**DATA SUPPLIED**
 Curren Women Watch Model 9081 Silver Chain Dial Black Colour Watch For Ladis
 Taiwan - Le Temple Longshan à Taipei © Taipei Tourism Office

==

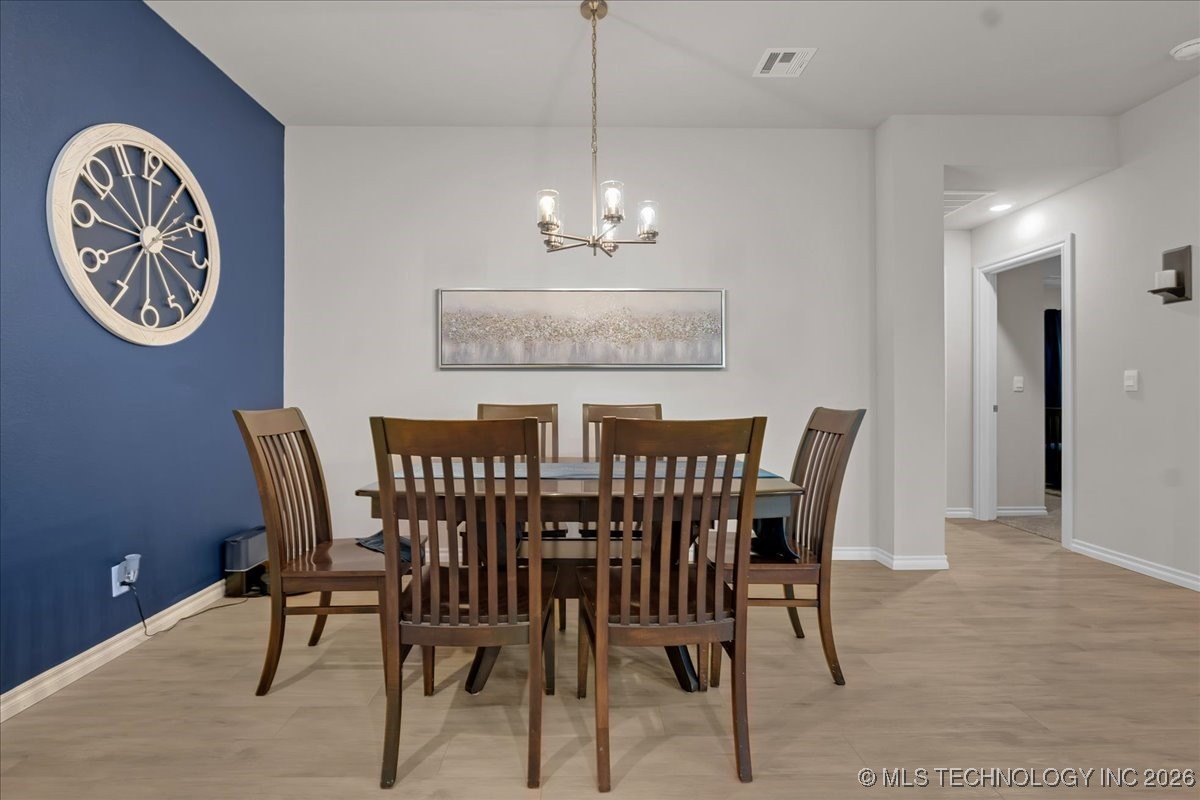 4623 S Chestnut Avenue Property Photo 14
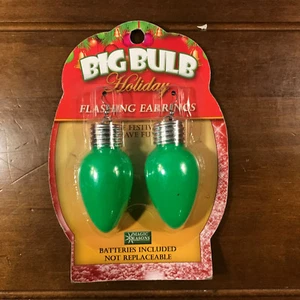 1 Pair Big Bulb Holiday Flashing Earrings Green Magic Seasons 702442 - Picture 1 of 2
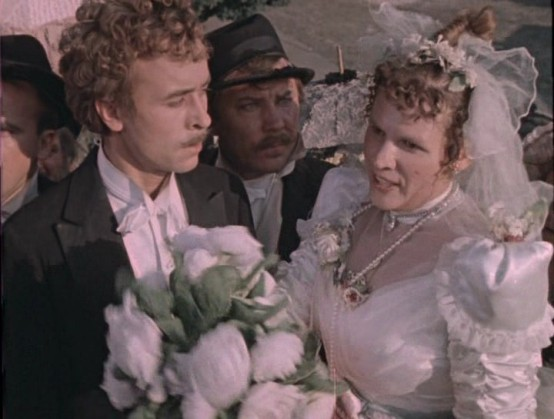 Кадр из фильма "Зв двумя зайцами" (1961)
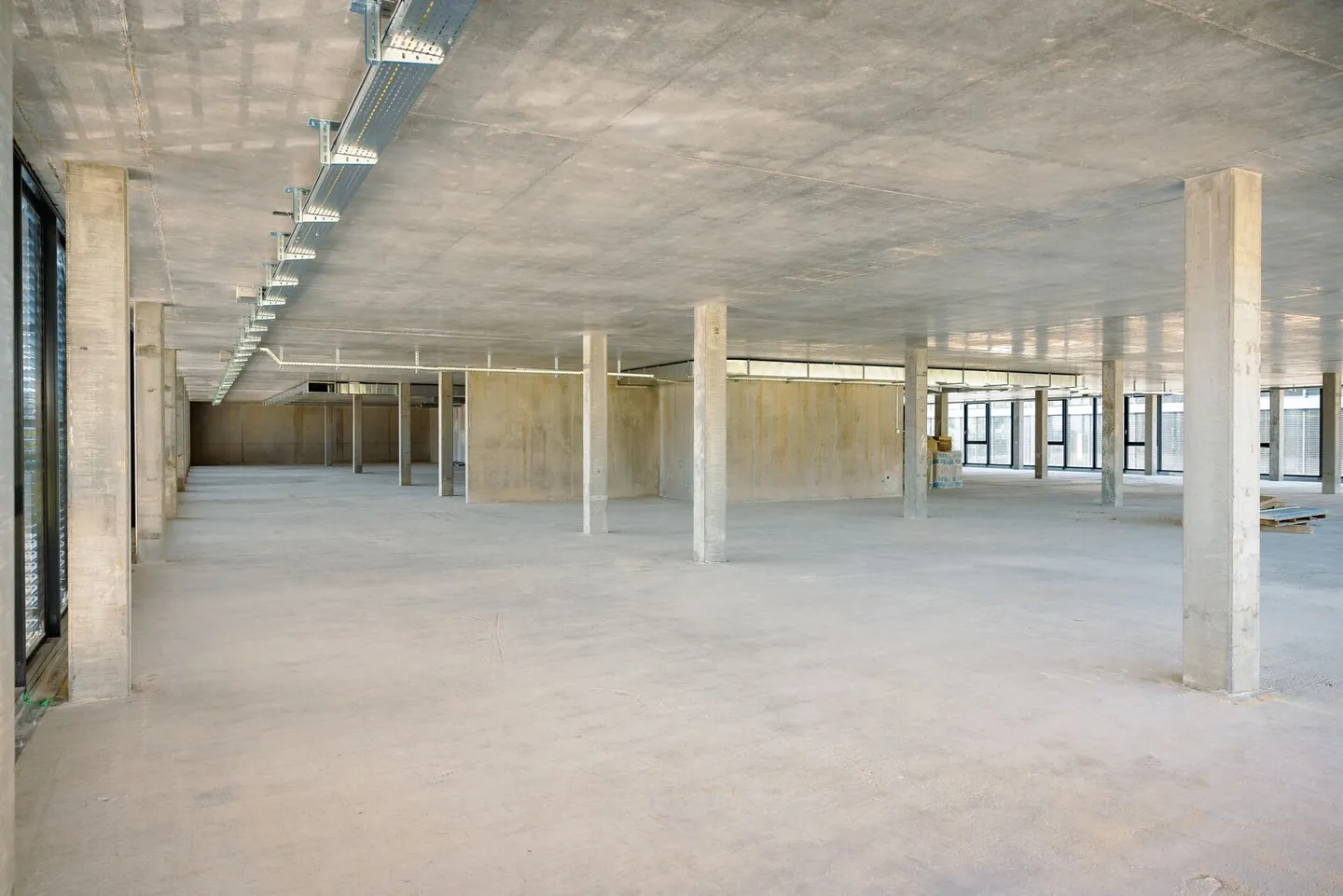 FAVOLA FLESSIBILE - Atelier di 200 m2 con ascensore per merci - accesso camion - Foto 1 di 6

* * *

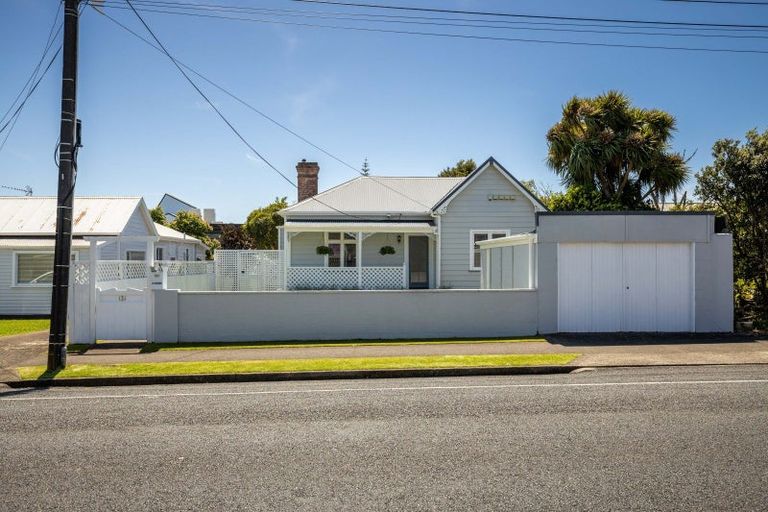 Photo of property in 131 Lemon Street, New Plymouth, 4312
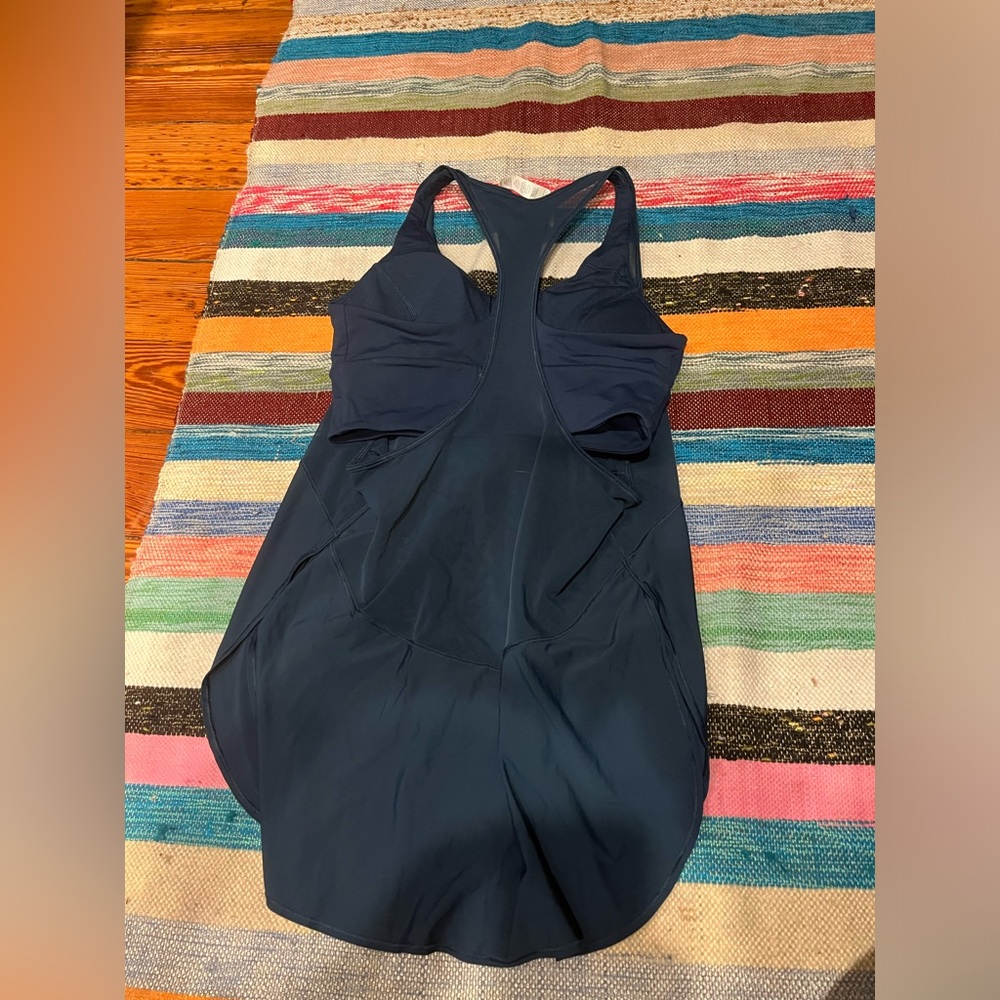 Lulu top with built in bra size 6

**BRIEF**
Although pictures appear among the entries, please set down only the lines from the one with "Photo of property" up to and including the one with "Lulu top with built in bra size 6", word for word.

**TASK ANSWER**
 Photo of property in 131 Lemon Street, New Plymouth, 4312
 Lulu top with built in bra size 6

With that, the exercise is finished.